The study says the current allocation criteria fail to take into consideration the social-economic differences across regions that pre-determine economic opportunities and habitation in specific areas.

Even where constituencies are demarcated on the basis of population, the study says, it is often overlooked that most people reside in their work stations where they demand services but come voting time, they troop to their rural constituencies to cast their ballots.

CDF committee chairman Ekwe Ethuro says dividing the funds at provincial level would amount to adding another layer, with the risk that some of the funds would not reach intended beneficiaries. Nevertheless, he agrees the system is flawed and needs to be re-examined.

“The poverty index should be the guide, but other added variables have completely diluted it making equitable distribution impossible,” he said in an interview with the Sunday Nation.

The current criteria for allocating resources is differentiated by a weighted index based on contribution of poverty measure of 1999 and the rural-urban poverty population ratio from the housing and population census of the same year.

According to the CDF Act 2003, the study says, first the budget ceiling for each constituency is provided by dividing 75 per cent of the fund equally to all constituencies.
Secondly, the remaining 25 per cent of the net total CDF is divided by the national poverty index multiplied by the constituency poverty index.

Further, KNBS uses contribution of poverty in addition to another weighting factor that takes into account differences in rural and urban poverty.

Analyst Lineth Oyugi, the author of the Equity in Resource Allocation: The need for alternative constituency development fund allocation criteria, says the problem lies in how the two latter formulas (quarter 25 per cent) are used for they do not result in similar ranking of constituencies in terms of poverty.

As a result of the use of constituency contribution to national poverty instead of constituency incidence of poverty, some constituencies have been receiving more than their due of CDF funds.

This shows that some constituencies with a high incidence of poverty received the same or lower allocations.

For example, Ganze, Kuria and Kitui South constituencies were allocated less funds than they were entitled to.

Ganze, with a poverty incidence of 0.76 per cent received Sh117 million over three years from 2003 to April 2007, compared to Eldoret North that had a poverty incidence of 0.48 per cent and which received Sh137 million over the same period.

Others that received more than their fair share of the fund are Bahari at Sh137.7 million with poverty incidence of 0.57 per cent and Saboti at Sh128.5 million with poverty incidence of 0.42 per cent.

The greatest losers were Isiolo South, Kisumu Town West and East, Ijara, North Horr, Budalangi, Fafi, Makadara, Likoni and Nyeri Town.

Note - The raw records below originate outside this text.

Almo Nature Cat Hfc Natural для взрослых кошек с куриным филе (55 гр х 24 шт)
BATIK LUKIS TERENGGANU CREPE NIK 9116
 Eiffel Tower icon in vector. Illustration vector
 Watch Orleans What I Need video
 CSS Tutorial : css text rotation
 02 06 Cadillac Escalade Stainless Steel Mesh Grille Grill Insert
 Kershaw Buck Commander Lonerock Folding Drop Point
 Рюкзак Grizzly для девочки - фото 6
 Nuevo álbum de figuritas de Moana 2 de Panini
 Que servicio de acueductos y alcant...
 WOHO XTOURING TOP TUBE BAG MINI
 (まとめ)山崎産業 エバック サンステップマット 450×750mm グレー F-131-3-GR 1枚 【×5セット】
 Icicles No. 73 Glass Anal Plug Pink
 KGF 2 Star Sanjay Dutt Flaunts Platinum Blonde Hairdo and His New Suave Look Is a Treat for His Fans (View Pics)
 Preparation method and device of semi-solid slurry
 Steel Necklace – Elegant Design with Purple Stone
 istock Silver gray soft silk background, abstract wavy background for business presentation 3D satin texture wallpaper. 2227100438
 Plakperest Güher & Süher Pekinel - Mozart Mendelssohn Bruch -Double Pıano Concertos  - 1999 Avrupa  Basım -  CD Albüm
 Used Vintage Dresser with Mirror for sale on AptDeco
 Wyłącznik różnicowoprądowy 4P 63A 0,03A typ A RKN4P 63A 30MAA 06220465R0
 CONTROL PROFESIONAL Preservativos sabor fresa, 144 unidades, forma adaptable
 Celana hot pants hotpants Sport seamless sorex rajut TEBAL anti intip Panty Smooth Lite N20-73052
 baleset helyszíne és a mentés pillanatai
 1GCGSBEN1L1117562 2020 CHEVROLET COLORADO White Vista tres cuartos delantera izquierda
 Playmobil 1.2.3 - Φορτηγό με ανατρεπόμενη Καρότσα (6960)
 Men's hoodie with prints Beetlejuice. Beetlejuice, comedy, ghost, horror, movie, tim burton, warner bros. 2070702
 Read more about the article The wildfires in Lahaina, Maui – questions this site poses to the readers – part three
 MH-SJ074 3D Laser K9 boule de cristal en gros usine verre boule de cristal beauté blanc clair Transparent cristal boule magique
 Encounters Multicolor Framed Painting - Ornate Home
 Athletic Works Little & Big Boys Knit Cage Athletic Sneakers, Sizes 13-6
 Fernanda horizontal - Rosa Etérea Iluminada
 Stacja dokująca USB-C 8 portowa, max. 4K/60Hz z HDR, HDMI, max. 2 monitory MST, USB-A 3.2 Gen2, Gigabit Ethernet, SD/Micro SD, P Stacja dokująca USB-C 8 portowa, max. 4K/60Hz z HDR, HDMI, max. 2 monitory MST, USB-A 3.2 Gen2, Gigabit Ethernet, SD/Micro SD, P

Others are Moyale, Wundanyi, Lamu East, Machakos Town, Wajir North, Saku, Mogotio, Mwatate, Taveta and Mvita.

Over the three-year period, the constituencies are estimated to have lost more than Sh20 million each.

Ms Oyugi faults the criteria for unfair allocations that do not ensure provinces with the highest contribution to poverty or highest incidence of poverty receive the highest amounts.

The discordance, with the exception of Rift Valley Province with the highest contribution to poverty at 22.1 per cent and that received more relative to other provinces, does not hold for other provinces.

For example, Nyanza Province with a contribution to poverty of 19 per cent was allocated Sh3.61 billion compared to Eastern Province at 18.2 per cent and which received Sh3.92 billion.

North Eastern received Sh1.1 billion with a 3.5 per cent contribution to poverty compared with Nairobi with 6.1 per cent contribution to poverty and received Sh726 million.

Central Province with 7.7 per cent contribution to poverty received Sh2.7 billion compared to Coast Province with 9.5 per cent and which received Sh2.2 billion.

Poor people

The study reveals that aggregate allocations to provinces were more dependent on number of constituencies as opposed to the number of poor people in the region.

Had the allocation of 25 per cent of CDF been based on a poverty incidence index, the study says, it could have increased allocations to North Eastern by Sh131 million, Nairobi by Sh87 million and Coast bySh 68 million.

This increase could have resulted from reduction of Sh124 million in allocations to Rift Valley which received Sh5.2 billion. Western, which received Sh2.7 billion, would have received Sh95 million less.